Mr. Marshall explained the object of his visit and the general lines of the information he was seeking, incidentally remarking that he had never seen a game of Base Ball.

In answer to my surprised inquiry, "Where have you lived all these years?" he replied that he had been a war correspondent and had spent most of his time in Europe, and more recently in Cuba.

Here was I, facing a man who had never seen a game of Base Ball; yet this man wanted to write an article on the "Psychology of Base Ball," which, so far as I knew, although I had been connected with the sport almost from its inception, was a phase of the subject that had never before been brought out.

While he was arranging his shorthand notes, seated in an easy chair, with a pad carelessly resting on his knee, I confess that I had some misgivings as to his forth-coming article, and as a precautionary measure requested him to show me proof of the same before it appeared in print. To this he assented.

Shortly after this first and only interview with Mr. Marshall I was suddenly called to my home at Point Loma, California, and never saw the article until some days after it had appeared in the New York Times of November 13, 1910. Had I seen the proof I would certainly have blue-penciled some of the personal references. I do not claim to have the face of a "Greek Hero"; I do not assume to resemble a Bishop of any church, and I could not be the father of a game whose birth antedated mine by ten years.

Following is the article in full:

THE PSYCHOLOGY OF BASE BALL DISCUSSED BY A. G. SPALDING.

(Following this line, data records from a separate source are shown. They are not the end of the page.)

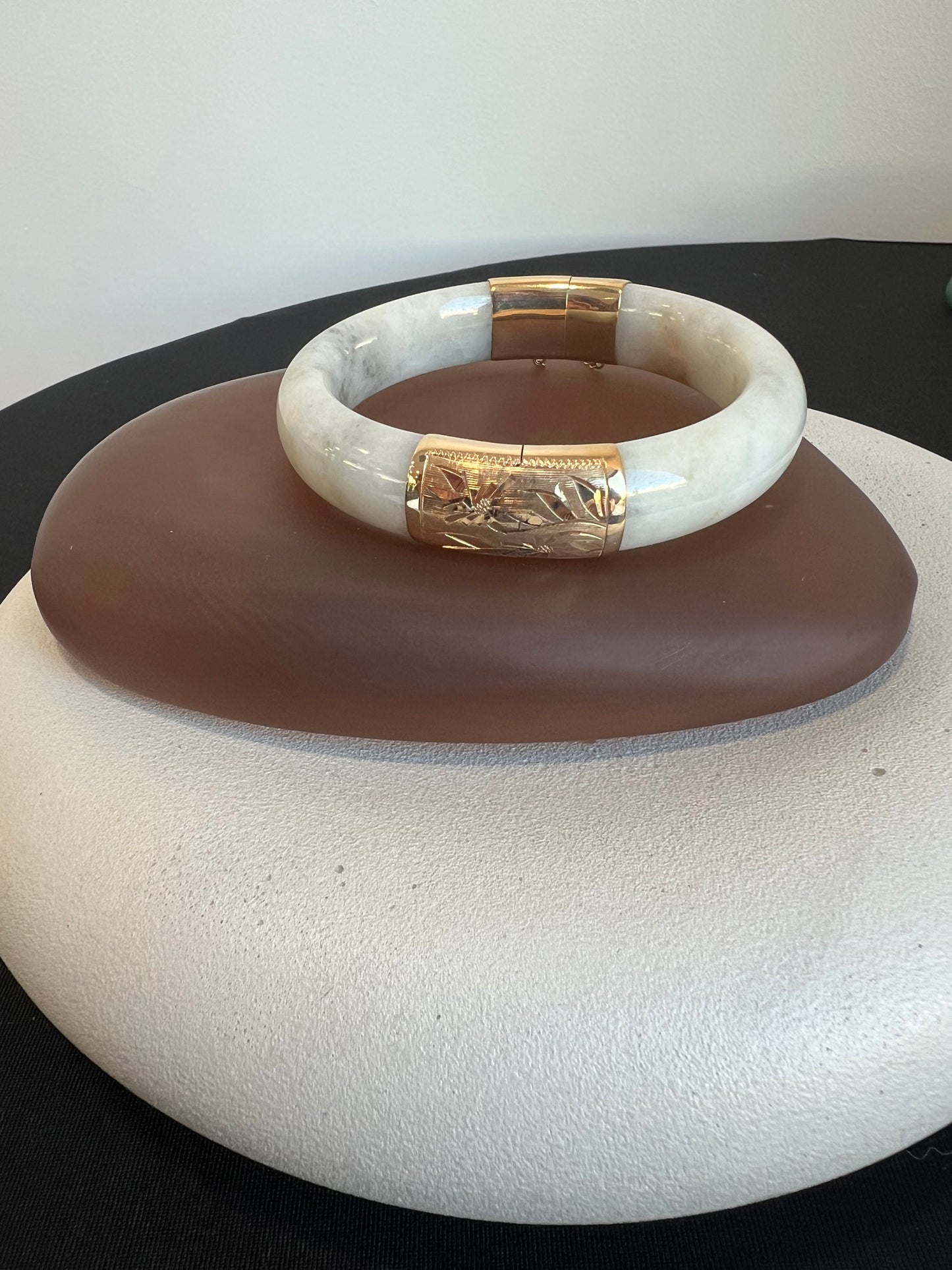 Jade and Gold Hinged Bangle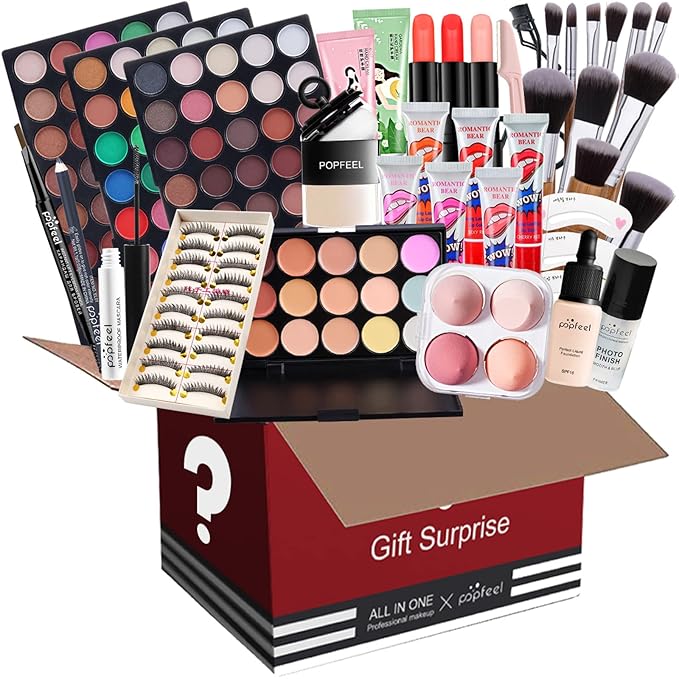 All in One Makeup Set Holiday Box, Essential Starter Bundle Include Eyeshadow Concealer Lipstick Lip Gloss Eyeliner Eyebrow Pencil Lip Balm Face Powder, Full Makeup Kit for Women Girls-VivaGrace Women
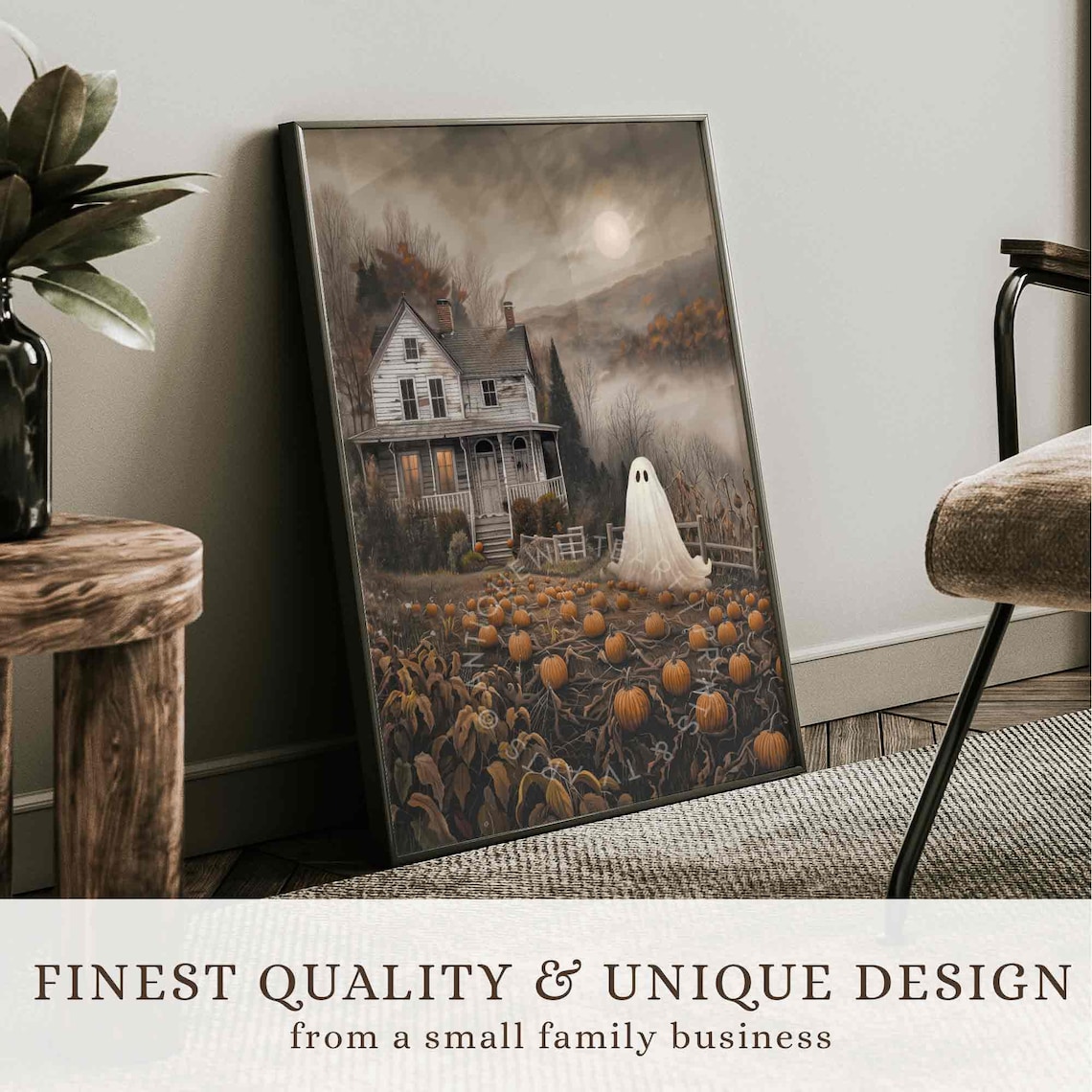Ghost In Pumpkin Patch Under Full Moon Spooky Vintage Farmhouse Halloween Poster - Image 3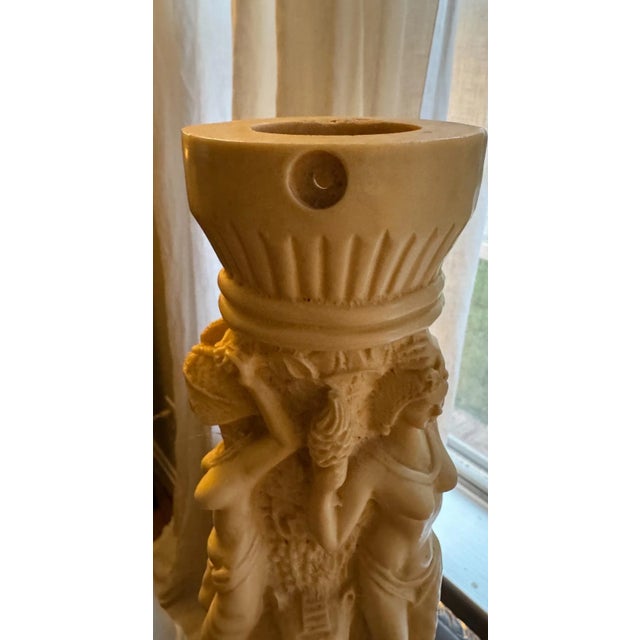 Vintage Neoclassical Mythological Candlesticks - a Pair For Sale - Image 9 of 9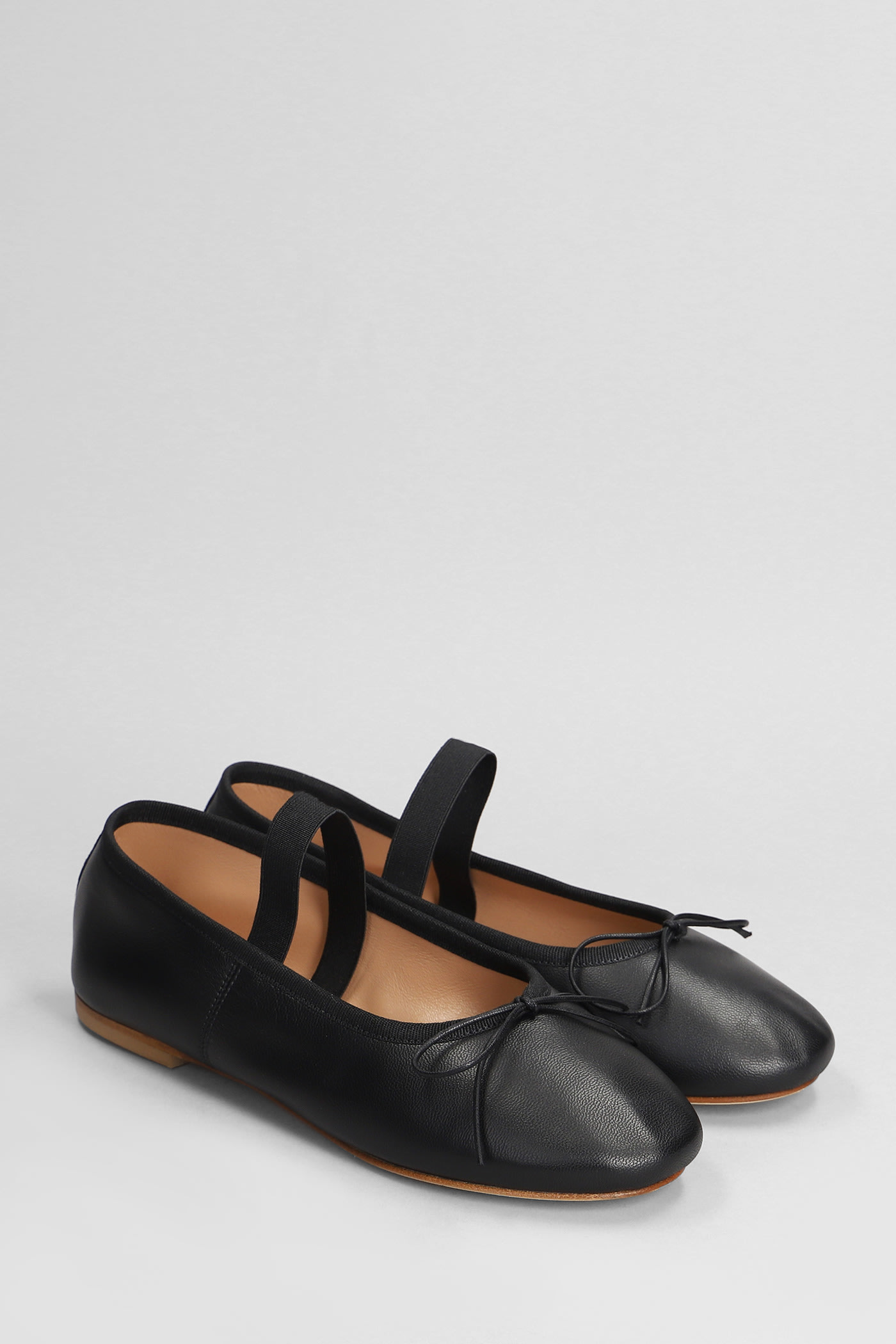 Shop Anniel Ballet Flats In Black Leather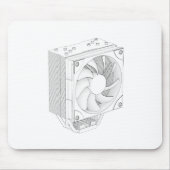 Schets van computer processor koeler muismat (Voorkant)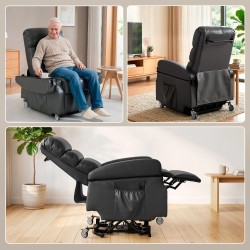Sähkökäyttöinen lepotuoli nousemisavustimella, keinonahka, 78x98x110 cm, tummanharmaa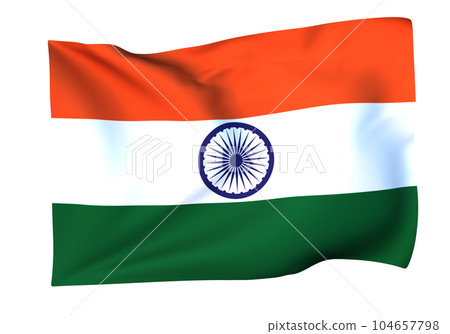 Indian flag swaying in the wind Indian flag swaying in the wind 104657798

The Game Elevates and Fits the American Character—It Brings Into Play the Emotional and Moral as Well as the Physical Side of Man's Nature.

By Edward Marshall.

His face is that of a Greek hero, his manner that of a Church of England Bishop, when I talked with him he was a candidate for United States Senator from California, and he is the father of the greatest sport the world has ever known.

You don't know him? You are unfortunate. There are in the United States at least a million men who do and who will yell at sight of him. I am writing now of A. G. Spalding, and he talked to me, the other evening, of the game's psychology.

"The psychology of Base Ball?" he said, thoughtfully. "I confess that the 'psychology of Base Ball' is a new one on me.

The Mind and the Game.

"I take it that you are trying to find out what effect the game has on the mind, and what effect the mind has on the game. The general impression among those who do not know, and, although there are several million people in this country who do know, still there remain a few who don't, is that Base Ball is simply a form of physical exercise which is interesting to watch and to take part in. Those who have played the game know well that it is more—much more. They know that it is quite as much a mental as it is a physical exercise.

"As a matter of plain fact, it is much more a mental exercise than a mere physical sport. There is really no other form of outdoor sport which constantly demands such accurate co-ordination between the mind and body as this national game of ours. And that is rather fine, when you come to think about it.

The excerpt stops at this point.